Empathy, honesty, and optimism are the three most important traits for a manager. I definitely embrace servant leadership. I started with the mission of how to help my employees be happy and successful in their roles. And I can’t do that without those three traits.

  1. Empathy: I need to care about their careers and understand challenges from their perspectives.
  2. Honesty: I need to be able to give honest feedback and give the information they need to improve their performance.
  3. Optimism: I have to believe that people can do better if they fall short of a goal.

Moreover, I think the team members have to have empathy, honesty, and optimism for each other. Clearly, cooperative teams are more performant than non-cooperative teams.

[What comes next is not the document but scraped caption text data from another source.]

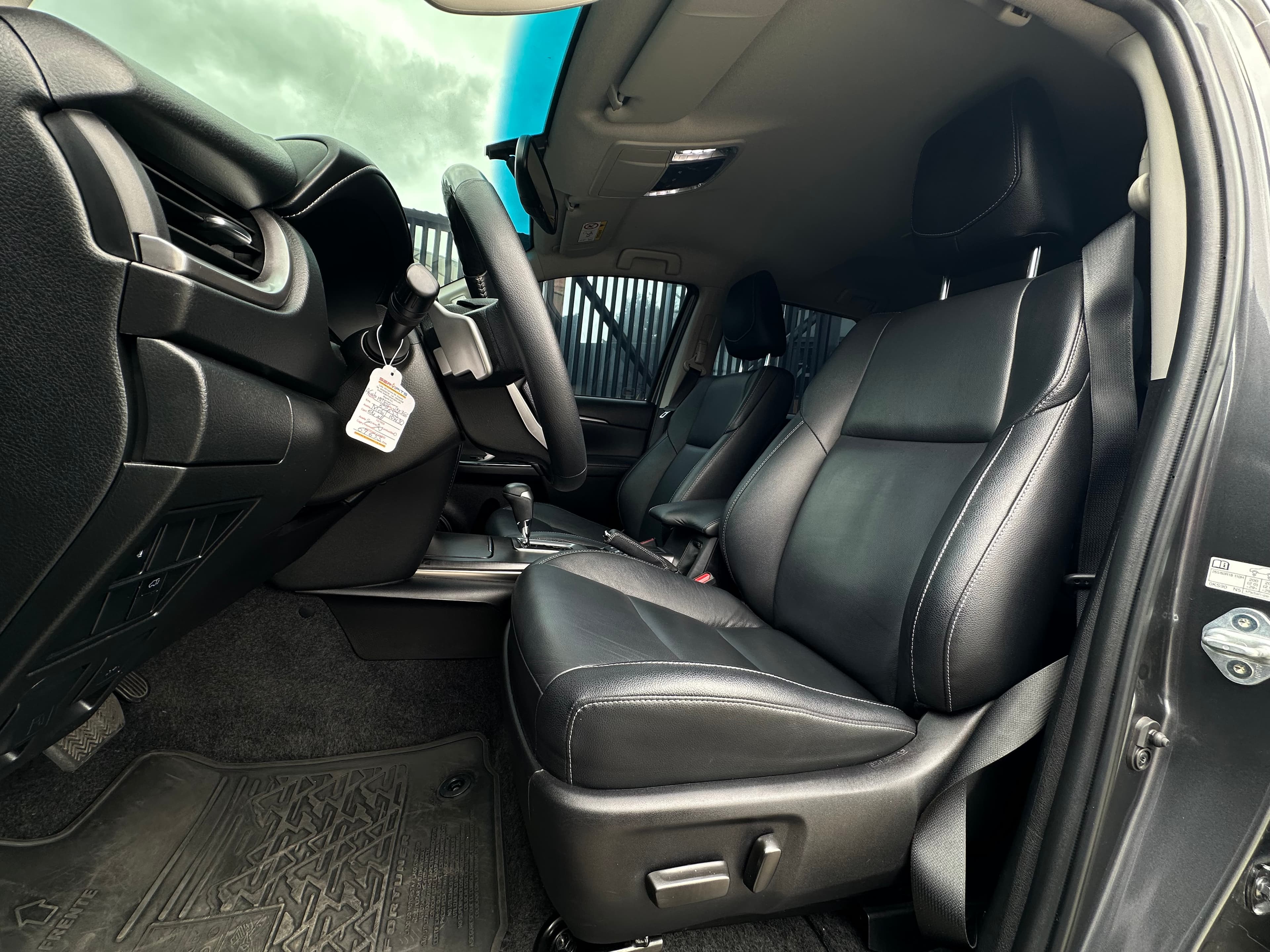 Toyota Fortuner SRV Modelo 2021 8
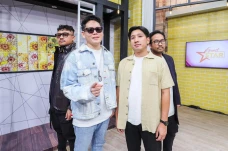 Band SamSonS Rilis Single...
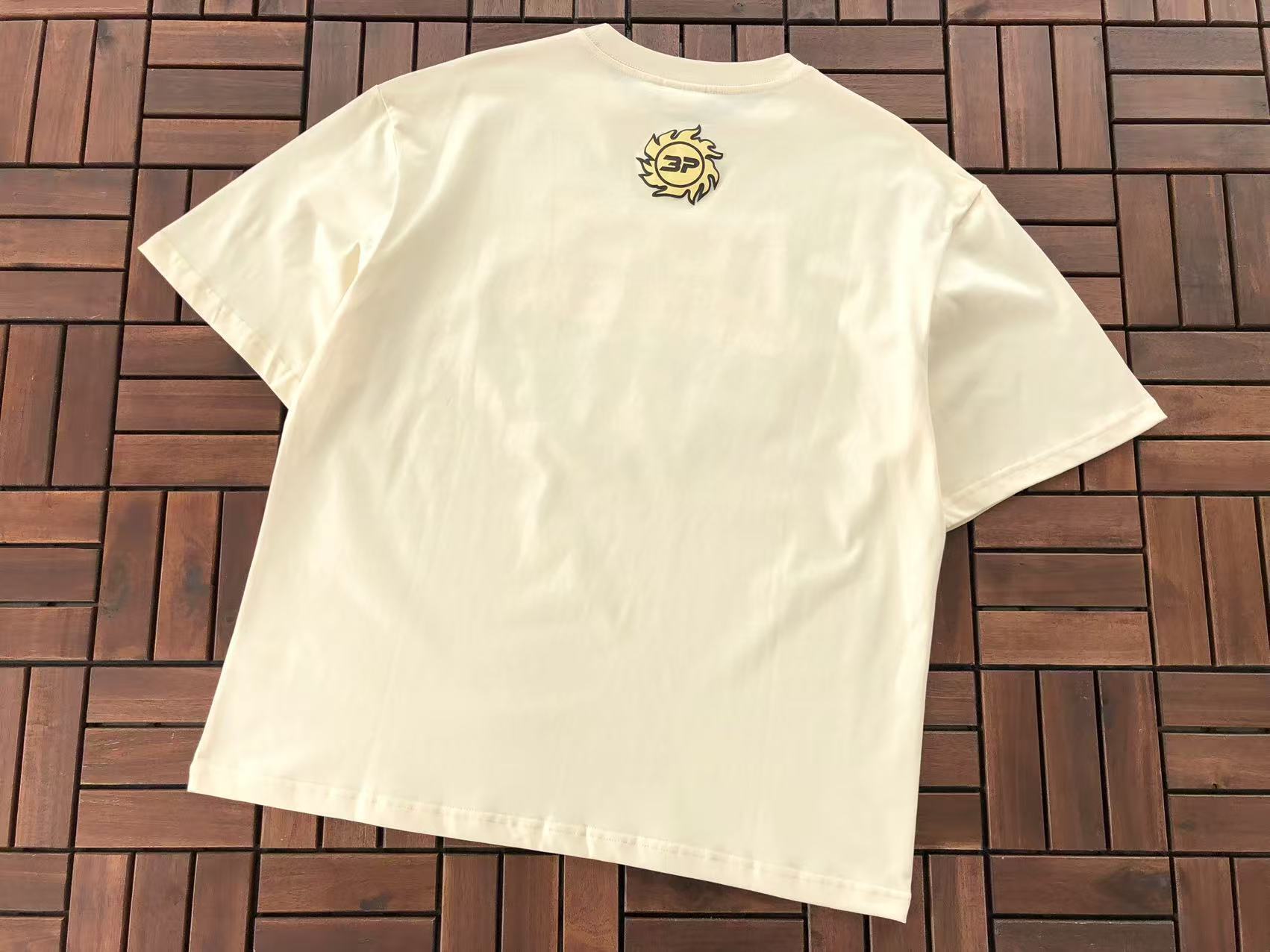 T-Shirt Broken Planet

Being cooperative comes from being empathetic.

On Snowflake

  1. If you know SQL, you can use Snowflake. This is fantastic because SQL is a familiar paradigm for most people in the data world.
  2. Snowflake scales according to your constraints. More specifically, your compute and storage can scale on-demand independently. Users pay for utilization, so they don’t have to pre-buy a huge amount of capacity and anticipate what their customers might do in the future.

From a compute perspective, Snowflake is great at parallelizing queries. Its performance tends to scale linearly with the size of the data. As engineers, we use to be frugal and parsimonious with compute resources. With Snowflake, we can bring more resources to bear to solve the problem that we have right now essentially for free.

On The ETL Tooling Landscape

I think these tools will become more horizontal. At the moment, there are tools that focus on specific components of the data stack, such as data ingestion, data transformation, dashboard creation, etc. As we can solve these problems well enough, we will go into a higher level of abstraction. Remember that the objective is to deliver insights by trials and actions. I believe practitioners will lean in DataOps and analytics engineering. We might even see “InsightOps” or “DecisionOps” to identify the constraints of delivering insights.

Getting data from different sources and bringing them into a data warehouse will be commoditized. Data integration vendors need to make data better known and understandable by mapping out the data terrains, creating data typography, and building a stable data foundation. Let’s start having mature conversations about the end-to-end knowledge graph within organizations.